The Lion, the Witch and the Wardrobe by C. S. Lewis

Where it Always Snows but Never Christmas

I still remember the day when I was 11 when Miss Utting, our English teacher, came in the classroom carrying a pile of copies of The Lion, the Witch and the Wardrobe. It was our first class reading book, which means a book that we would read together in class. It was also my passport to the magical land of Narnia.

Most of my classmates were already familiar with Narnia for they had watched the animated movie shown on TV without fail every Christmas but I was a complete Narnia virgin. For the first time, like Lucy and her three siblings, I entered the land of eternal snow through a wardrobe where I found a friend called Mr Tumnus the faun.

The First and the Best

The Lion, the Witch and the Wardrobe is the most popular and best known of the seven Narnia books. It was written in 1950 as the first title in The Chronicles of Narnia but was re-ordered as the second in later editions which are sequenced by the stories’ chronology.

Because, as already mentioned, it was my first visit to Narnia, I read The Lion, the Witch and the Wardrobe with no pre-conceptions or expectations, apart from the fact there was probably a good chance that I was going to like it because I loved fairy tales. I did not like it. I loved it.

The book centres on four siblings, Peter, Susan, Edmund and Lucy who discover the land of Narnia through a magical wardrobe. The land of Narnia is ruled by the evil White Witch who has cast a spell on the land so that it always snows but never Christmas. The children find out that they are key to the prophecy that will restore summer and peace to Narnia with the help of the great Lion Aslan.

Christian Themes

The book has been criticised for being overly moralistic and for overstating its Christian elements to indoctrinate children. But I was from a practising Catholic family attending a Catholic school and so everything about The Lion, the Witch and the Wardrobe felt normal. I recognised Jesus in Aslan straight away and understood why he had to pay for the sins of Edmund. I wasn’t particularly sad when the White Witch, brutally killed him because I knew that, like Jesus, he was coming back to life again bigger and stronger.
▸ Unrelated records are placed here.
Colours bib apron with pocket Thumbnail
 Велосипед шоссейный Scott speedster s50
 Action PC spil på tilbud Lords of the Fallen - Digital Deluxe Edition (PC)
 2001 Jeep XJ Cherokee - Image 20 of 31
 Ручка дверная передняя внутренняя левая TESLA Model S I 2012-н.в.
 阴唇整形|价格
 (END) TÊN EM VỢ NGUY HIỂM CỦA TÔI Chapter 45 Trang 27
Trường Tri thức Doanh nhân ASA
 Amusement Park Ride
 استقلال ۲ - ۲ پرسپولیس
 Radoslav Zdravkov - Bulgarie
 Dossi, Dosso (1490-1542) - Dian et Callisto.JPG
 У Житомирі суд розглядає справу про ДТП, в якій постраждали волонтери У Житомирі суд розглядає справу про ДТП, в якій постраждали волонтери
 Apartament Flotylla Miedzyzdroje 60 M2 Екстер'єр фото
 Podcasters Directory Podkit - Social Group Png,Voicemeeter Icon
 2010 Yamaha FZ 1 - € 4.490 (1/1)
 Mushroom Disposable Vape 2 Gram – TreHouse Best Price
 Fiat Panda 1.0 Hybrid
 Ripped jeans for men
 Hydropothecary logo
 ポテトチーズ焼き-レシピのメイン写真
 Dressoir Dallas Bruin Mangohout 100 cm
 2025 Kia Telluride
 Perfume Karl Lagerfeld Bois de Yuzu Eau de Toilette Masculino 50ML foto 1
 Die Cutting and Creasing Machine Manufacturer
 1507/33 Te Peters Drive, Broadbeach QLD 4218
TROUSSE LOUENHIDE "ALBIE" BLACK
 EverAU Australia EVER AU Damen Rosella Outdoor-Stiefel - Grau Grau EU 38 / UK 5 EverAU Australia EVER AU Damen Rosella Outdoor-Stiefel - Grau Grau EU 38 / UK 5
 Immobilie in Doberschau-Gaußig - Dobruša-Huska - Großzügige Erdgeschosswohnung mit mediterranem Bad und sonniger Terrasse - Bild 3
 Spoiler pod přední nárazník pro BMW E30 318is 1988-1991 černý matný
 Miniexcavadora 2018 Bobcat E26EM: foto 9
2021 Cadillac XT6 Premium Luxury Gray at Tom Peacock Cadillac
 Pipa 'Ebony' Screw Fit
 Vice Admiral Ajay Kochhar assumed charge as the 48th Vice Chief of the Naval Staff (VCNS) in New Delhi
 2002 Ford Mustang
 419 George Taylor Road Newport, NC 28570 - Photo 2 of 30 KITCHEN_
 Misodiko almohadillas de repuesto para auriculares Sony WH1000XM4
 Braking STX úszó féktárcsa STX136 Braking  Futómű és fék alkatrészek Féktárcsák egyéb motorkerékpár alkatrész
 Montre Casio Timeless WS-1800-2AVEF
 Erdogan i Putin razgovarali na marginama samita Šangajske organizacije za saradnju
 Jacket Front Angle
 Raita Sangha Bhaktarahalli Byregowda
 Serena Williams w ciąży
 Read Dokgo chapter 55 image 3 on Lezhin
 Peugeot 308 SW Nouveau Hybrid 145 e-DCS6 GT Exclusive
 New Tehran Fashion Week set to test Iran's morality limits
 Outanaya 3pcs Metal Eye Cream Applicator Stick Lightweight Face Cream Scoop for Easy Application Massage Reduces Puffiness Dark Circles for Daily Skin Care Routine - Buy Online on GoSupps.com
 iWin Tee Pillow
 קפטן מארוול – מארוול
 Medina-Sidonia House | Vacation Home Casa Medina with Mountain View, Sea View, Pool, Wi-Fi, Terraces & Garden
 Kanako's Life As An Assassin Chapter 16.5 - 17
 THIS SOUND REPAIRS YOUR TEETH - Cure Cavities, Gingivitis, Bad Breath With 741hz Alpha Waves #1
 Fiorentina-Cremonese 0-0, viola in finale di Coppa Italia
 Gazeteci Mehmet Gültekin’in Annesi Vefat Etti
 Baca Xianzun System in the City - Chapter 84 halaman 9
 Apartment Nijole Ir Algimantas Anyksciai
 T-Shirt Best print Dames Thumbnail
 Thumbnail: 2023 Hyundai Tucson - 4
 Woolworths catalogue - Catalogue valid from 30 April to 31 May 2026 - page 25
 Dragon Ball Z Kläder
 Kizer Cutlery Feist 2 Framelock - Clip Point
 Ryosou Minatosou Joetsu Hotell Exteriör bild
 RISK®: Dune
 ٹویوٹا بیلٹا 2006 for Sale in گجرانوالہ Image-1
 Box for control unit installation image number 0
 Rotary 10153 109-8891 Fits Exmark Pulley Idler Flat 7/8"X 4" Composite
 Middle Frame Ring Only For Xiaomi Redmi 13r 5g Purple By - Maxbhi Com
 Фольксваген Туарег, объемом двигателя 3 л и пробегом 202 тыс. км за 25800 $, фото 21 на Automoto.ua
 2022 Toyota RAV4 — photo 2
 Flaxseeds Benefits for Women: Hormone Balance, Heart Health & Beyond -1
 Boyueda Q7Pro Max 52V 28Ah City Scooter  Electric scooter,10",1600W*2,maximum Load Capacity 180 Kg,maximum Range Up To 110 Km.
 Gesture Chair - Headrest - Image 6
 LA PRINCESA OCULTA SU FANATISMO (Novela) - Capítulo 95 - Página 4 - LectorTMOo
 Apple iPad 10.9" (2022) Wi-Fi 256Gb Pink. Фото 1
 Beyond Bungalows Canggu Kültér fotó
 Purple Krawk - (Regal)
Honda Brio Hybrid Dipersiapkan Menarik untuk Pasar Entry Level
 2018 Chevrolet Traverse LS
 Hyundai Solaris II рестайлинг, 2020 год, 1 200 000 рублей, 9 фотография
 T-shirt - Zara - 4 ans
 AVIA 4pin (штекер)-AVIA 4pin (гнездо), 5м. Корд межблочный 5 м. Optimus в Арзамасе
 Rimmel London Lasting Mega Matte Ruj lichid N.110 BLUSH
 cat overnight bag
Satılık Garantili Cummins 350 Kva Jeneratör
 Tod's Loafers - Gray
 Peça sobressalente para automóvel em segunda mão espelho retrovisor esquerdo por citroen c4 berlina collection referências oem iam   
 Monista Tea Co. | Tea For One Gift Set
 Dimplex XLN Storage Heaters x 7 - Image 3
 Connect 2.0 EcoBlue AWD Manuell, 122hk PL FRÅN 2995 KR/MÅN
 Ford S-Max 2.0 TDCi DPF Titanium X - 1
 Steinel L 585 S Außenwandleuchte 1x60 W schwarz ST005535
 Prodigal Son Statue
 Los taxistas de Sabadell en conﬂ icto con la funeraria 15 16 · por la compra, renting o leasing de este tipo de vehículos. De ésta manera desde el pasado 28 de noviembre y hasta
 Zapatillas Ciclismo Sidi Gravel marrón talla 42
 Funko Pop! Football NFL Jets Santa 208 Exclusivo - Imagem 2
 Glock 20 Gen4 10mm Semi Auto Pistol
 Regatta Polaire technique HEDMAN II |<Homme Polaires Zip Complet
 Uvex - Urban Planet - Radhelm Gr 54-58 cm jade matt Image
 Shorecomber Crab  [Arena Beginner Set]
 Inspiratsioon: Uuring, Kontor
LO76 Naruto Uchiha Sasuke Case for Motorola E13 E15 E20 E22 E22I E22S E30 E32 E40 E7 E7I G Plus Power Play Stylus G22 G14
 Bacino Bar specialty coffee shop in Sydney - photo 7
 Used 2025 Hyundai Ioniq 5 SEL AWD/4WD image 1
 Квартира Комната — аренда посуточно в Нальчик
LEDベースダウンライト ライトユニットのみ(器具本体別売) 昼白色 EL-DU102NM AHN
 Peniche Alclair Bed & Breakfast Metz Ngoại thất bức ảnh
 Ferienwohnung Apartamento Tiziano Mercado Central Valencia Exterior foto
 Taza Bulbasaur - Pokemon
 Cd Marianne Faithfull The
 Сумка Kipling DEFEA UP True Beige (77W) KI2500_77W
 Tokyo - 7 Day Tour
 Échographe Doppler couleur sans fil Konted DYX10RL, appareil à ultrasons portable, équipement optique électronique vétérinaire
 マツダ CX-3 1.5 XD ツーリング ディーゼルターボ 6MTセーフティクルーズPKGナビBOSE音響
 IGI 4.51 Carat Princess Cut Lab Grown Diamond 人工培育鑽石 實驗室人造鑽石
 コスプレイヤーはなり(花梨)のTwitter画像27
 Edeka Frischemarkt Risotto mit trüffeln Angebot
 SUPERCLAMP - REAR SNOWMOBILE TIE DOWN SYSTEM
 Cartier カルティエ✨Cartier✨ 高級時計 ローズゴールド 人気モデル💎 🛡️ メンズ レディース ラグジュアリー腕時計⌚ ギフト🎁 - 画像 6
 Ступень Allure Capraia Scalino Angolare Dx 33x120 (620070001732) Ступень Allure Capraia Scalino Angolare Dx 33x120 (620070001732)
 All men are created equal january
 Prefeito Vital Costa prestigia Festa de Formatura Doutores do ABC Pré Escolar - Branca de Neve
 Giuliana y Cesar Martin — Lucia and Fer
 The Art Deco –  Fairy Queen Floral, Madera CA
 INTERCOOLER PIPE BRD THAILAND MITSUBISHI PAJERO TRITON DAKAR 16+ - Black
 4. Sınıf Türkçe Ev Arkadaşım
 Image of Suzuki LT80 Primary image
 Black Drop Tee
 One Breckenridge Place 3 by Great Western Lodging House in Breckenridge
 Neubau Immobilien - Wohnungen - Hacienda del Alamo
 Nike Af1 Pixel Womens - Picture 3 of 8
It wasn’t the book’s Christian themes that made me love it. It was the fact that it was a good old-fashioned fairy tale about a magical country that I desperately wanted to visit, with characters that I truly wanted to meet. I asked myself (bitterly) why the animals on Earth couldn’t speak the way the animals in Narnia did. I wanted some of the Turkish Delight that Edmund had, even though it was given to him by the White Witch. I wanted to hear Aslan’s majestic roar and be terrified of him and hug him at the same time. Simply put, Narnia was the magical country that I always had in my head, finally made real by the mighty pen of C. S. Lewis.

Final Words

I have re-read The Lion, the Witch and the Wardrobe several times and it wouldn’t be an exaggeration to say that each reading is as magical as the first. The book’s charm never wanes and its themes of bravery, sacrifice and sense of duty are as important today as they were in 1950 when Lewis wrote the book. The Lion, the Witch and the Wardrobe instantly became my favourite children’s book when I first read it and it has that distinction even today. I don’t think it will ever be replaced in my heart or on my bookshelf by any other book.